From: Ming Lei <ming.lei@redhat.com>
To: Hannes Reinecke <hare@suse.de>
Cc: Jens Axboe <axboe@kernel.dk>,
linux-block@vger.kernel.org,
"Martin K . Petersen" <martin.petersen@oracle.com>,
linux-scsi@vger.kernel.org, Omar Sandoval <osandov@fb.com>,
Kashyap Desai <kashyap.desai@broadcom.com>,
Sumanesh Samanta <sumanesh.samanta@broadcom.com>,
"Ewan D . Milne" <emilne@redhat.com>
Subject: Re: [PATCH V3 for 5.11 04/12] sbitmap: move allocation hint into sbitmap
Date: Tue, 10 Nov 2020 12:20:53 +0800 [thread overview]
Message-ID: <20201110042053.GB372588@T590> (raw)
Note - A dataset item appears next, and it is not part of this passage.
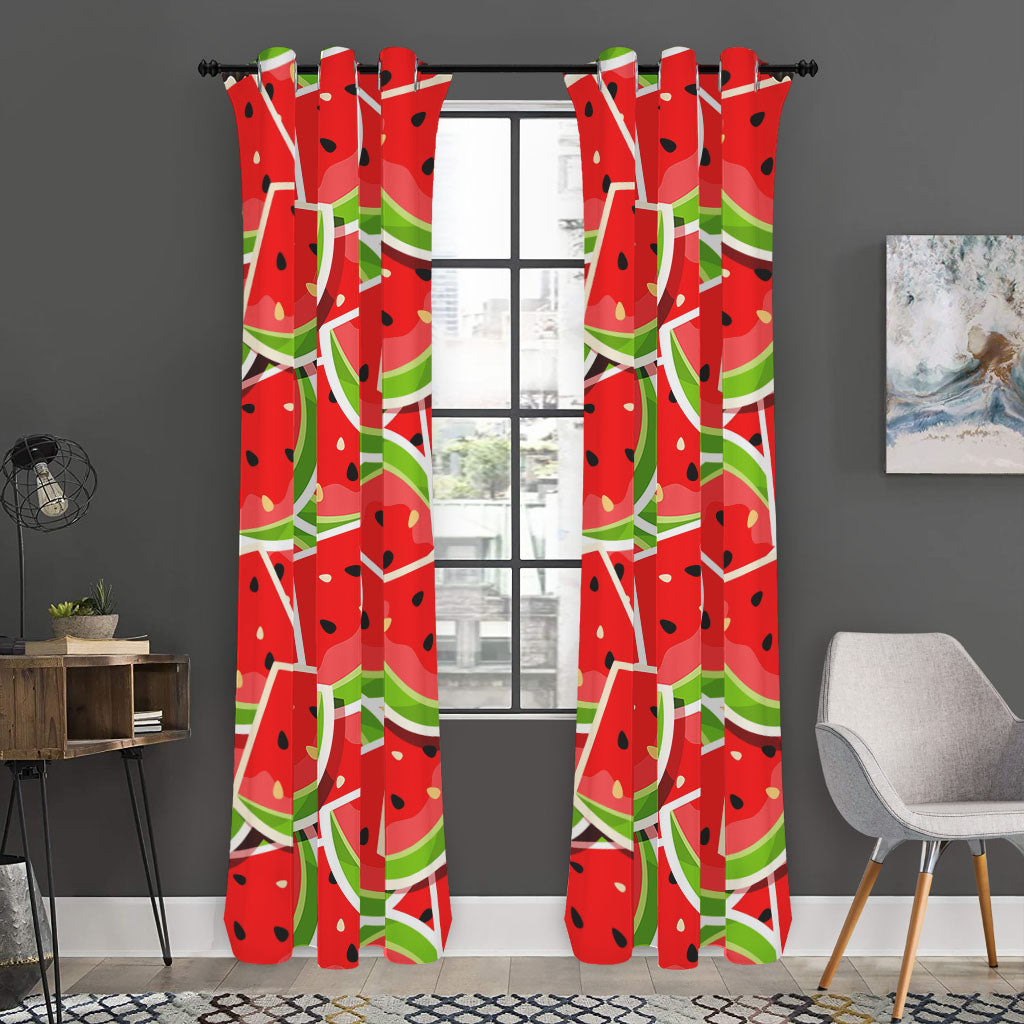 Cute Watermelon Slices Pattern Print Curtain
In-Reply-To: <351a36ab-a26c-6042-818d-28e167eb74e0@suse.de>
On Wed, Sep 23, 2020 at 08:36:42AM +0200, Hannes Reinecke wrote:
> On 9/23/20 3:33 AM, Ming Lei wrote:
> > Allocation hint should have belonged to sbitmap, also when sbitmap's
> > depth is high and no need to use mulitple wakeup queues, user can
> > benefit from percpu allocation hint too.
> >
> > So move allocation hint into sbitmap.
> >
> > Cc: Omar Sandoval <osandov@fb.com>
> > Cc: Kashyap Desai <kashyap.desai@broadcom.com>
> > Cc: Sumanesh Samanta <sumanesh.samanta@broadcom.com>
> > Cc: Ewan D. Milne <emilne@redhat.com>
> > Cc: Hannes Reinecke <hare@suse.de>
> > Signed-off-by: Ming Lei <ming.lei@redhat.com>
> > ---
> > block/blk-mq.c | 2 +-
> > block/kyber-iosched.c | 2 +-
> > include/linux/sbitmap.h | 41 ++++++++------
> > lib/sbitmap.c | 115 ++++++++++++++++++++++++----------------
> > 4 files changed, 97 insertions(+), 63 deletions(-)
> >
> > diff --git a/block/blk-mq.c b/block/blk-mq.c
> > index 45149970b891..88154cea83d8 100644
> > --- a/block/blk-mq.c
> > +++ b/block/blk-mq.c
> > @@ -2684,7 +2684,7 @@ blk_mq_alloc_hctx(struct request_queue *q, struct blk_mq_tag_set *set,
> > goto free_cpumask;
> > if (sbitmap_init_node(&hctx->ctx_map, nr_cpu_ids, ilog2(8),
> > - gfp, node, false))
> > + gfp, node, false, false))
> > goto free_ctxs;
> > hctx->nr_ctx = 0;
> > diff --git a/block/kyber-iosched.c b/block/kyber-iosched.c
> > index cc8bcfe1d587..3949d68ac4c1 100644
> > --- a/block/kyber-iosched.c
> > +++ b/block/kyber-iosched.c
> > @@ -480,7 +480,7 @@ static int kyber_init_hctx(struct blk_mq_hw_ctx *hctx, unsigned int hctx_idx)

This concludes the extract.